Unicode Normalization Forms: When ö != ö
Some time ago, a very weird issue was reported to me about a Nextcloud system. The user uploaded a file with an “ö” on a SMB share that was configured as an external storage in the Nextcloud server. But when accessing the folder containing the file over WebDAV, it did not appear (no matter which WebDAV client was used). After ruling out the usual causes (wrong permissions, etc…), I analyzed the network traffic between the WebDAV client and the server and saw that the file name is indeed not returned after issuing a PROPFIND
. So I set some breakpoints in the Nextcloud source code to analyze if it is also not returned by the SMB server.
It was returned by the SMB server, but when the Nextcloud system requested more metadata for the file (with the path in the request), the SMB server returned a “file not found” error, which lead Nextcloud to discard the file.
How can it happen that the file is first returned by the SMB server when listing files but then the server suddenly reports an error when requesting more metadata?
When looking at the raw bytes of the first (listing) and second (metadata) SMB request, I found the culprit. The SMB server sent the bytes 0x6F 0xCC 0x88
for the ö, which is U+006F LATIN SMALL LETTER O and U+0308 COMBINING DIAERESIS. In the second request, the Nextcloud server sent 0xC3 0xB6
, which is LATIN SMALL LETTER O WITH DIAERESIS. Although the two characters look exactly the same, their code point sequence is different.

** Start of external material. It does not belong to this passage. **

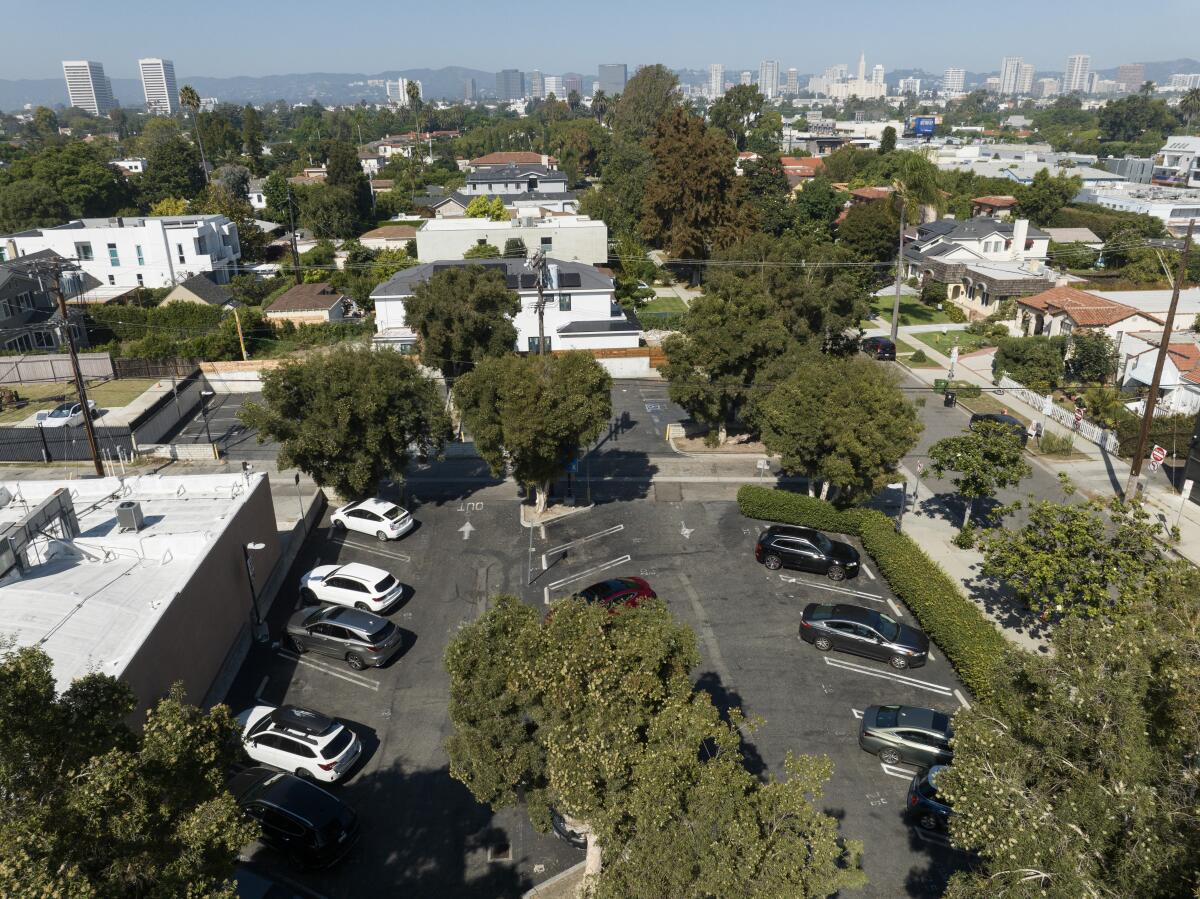 An aerial view of a parking lot near residential streets.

This is known as Unicode equivalence and, in theory, addressed by Unicode normalization. But here, normalization caused this issue. Before storing the file name in the cache, Nextcloud normalized the file name (to NFC) in a function normalizePath
:
public static function normalizePath($path, $stripTrailingSlash = true, $isAbsolutePath = false, $keepUnicode = false) {
...
//normalize unicode if possible
if (!$keepUnicode) {
$path = \OC_Util::normalizeUnicode($path);
}
...
}
This normalized path is then used for the second request, which fails because the file is stored in a different normalization form (NFD in this case) on the SMB server.

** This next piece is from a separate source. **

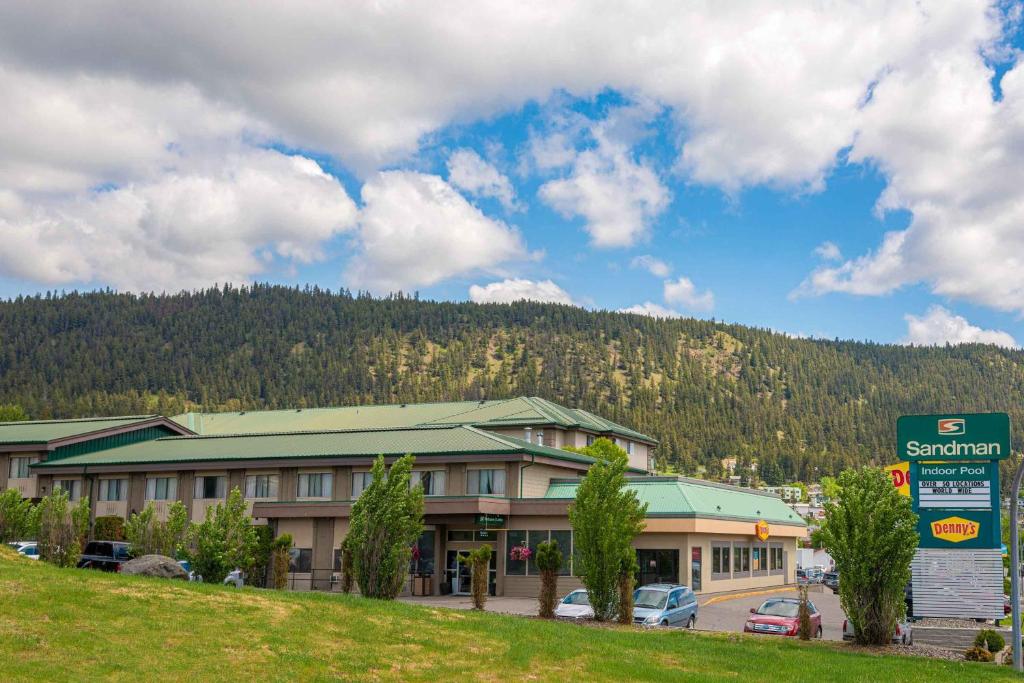 a large building with a mountain in the background at Sandman Hotel & Suites Williams Lake in Williams Lake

So what can you do about this? Of course you could write a small script to normalize all your file names to NFC on all shares, but this may not be desirable for large shares with millions of files. But it turns out that I was not the first to experience this problem and there is a “NFD compatibility” option that can be set on a per-share basis. When it is enabled, the original NFD name is also stored in the cache (which results in additional database queries, the option is therefore not enabled per default).